Your copy should begin with the line containing "a view of a street with houses", end with the line containing "Mandarins arranged on", match the listing below exactly, and contain no pictures.

**Extracted entries**
--------------------------------
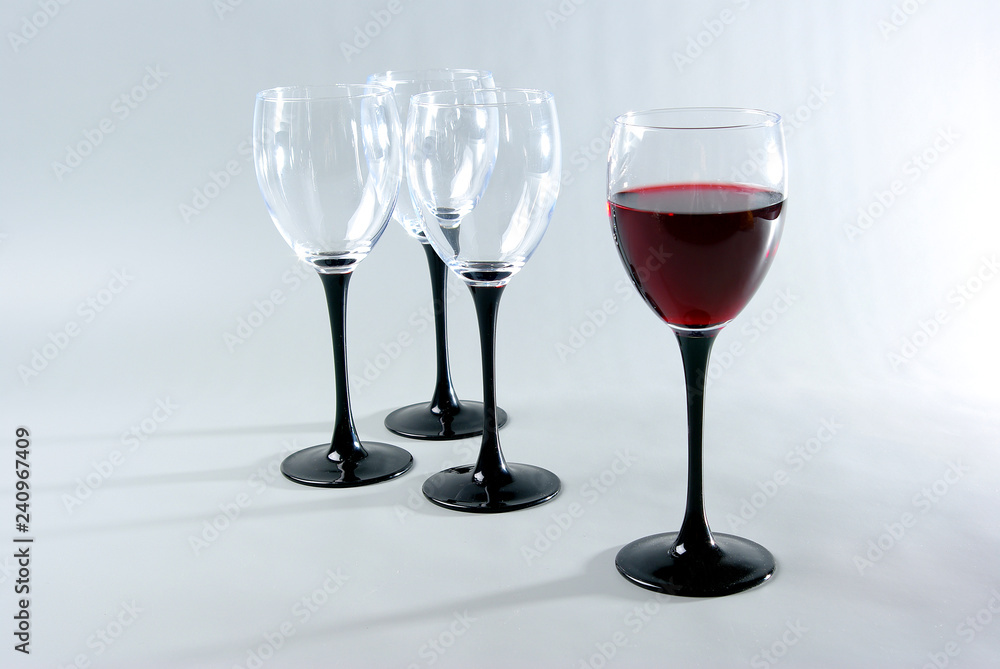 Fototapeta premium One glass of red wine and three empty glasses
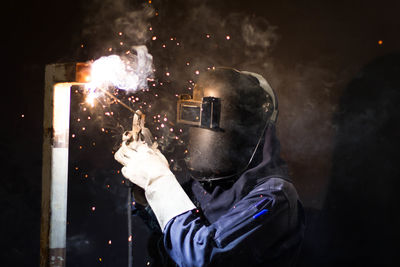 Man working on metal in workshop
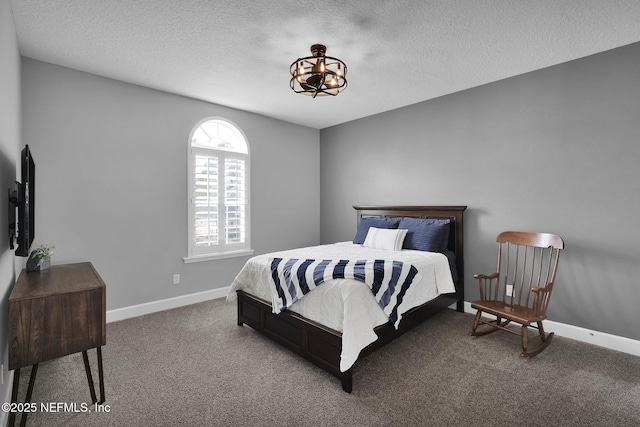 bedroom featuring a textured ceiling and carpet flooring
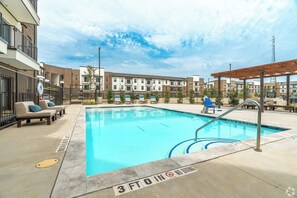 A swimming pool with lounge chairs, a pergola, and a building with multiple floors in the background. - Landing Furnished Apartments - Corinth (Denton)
--------------------------------
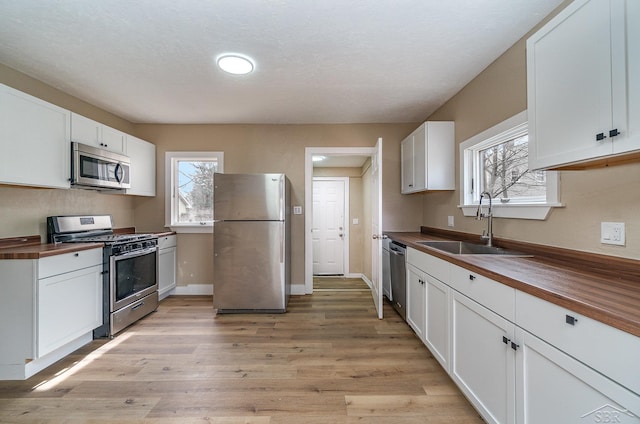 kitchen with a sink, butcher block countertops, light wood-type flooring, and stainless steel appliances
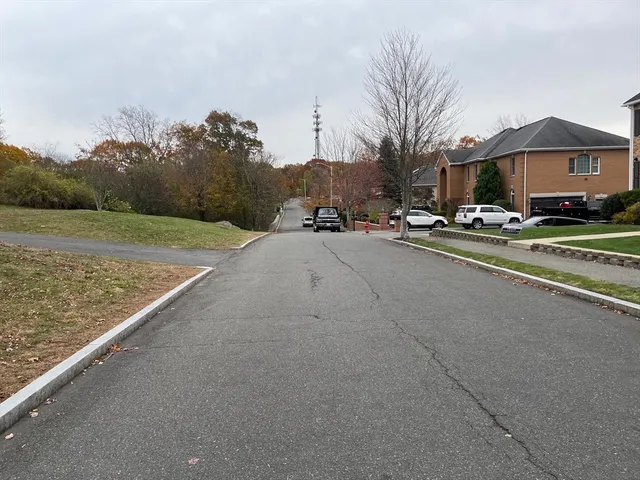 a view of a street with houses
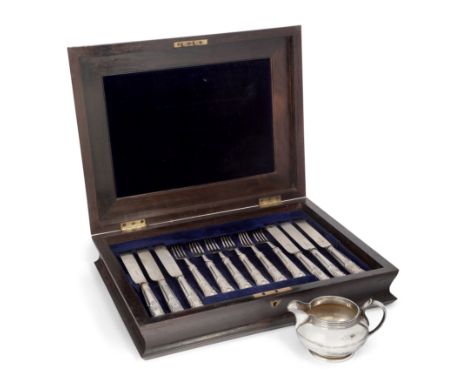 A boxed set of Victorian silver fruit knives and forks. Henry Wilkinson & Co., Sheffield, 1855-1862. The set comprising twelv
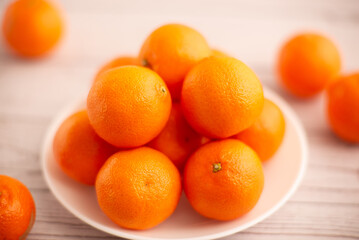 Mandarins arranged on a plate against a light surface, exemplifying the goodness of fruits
--------------------------------
**Solved problem**
 a view of a street with houses
 A boxed set of Victorian silver fruit knives and forks. Henry Wilkinson & Co., Sheffield, 1855-1862. The set comprising twelv
 Mandarins arranged on a plate against a light surface, exemplifying the goodness of fruits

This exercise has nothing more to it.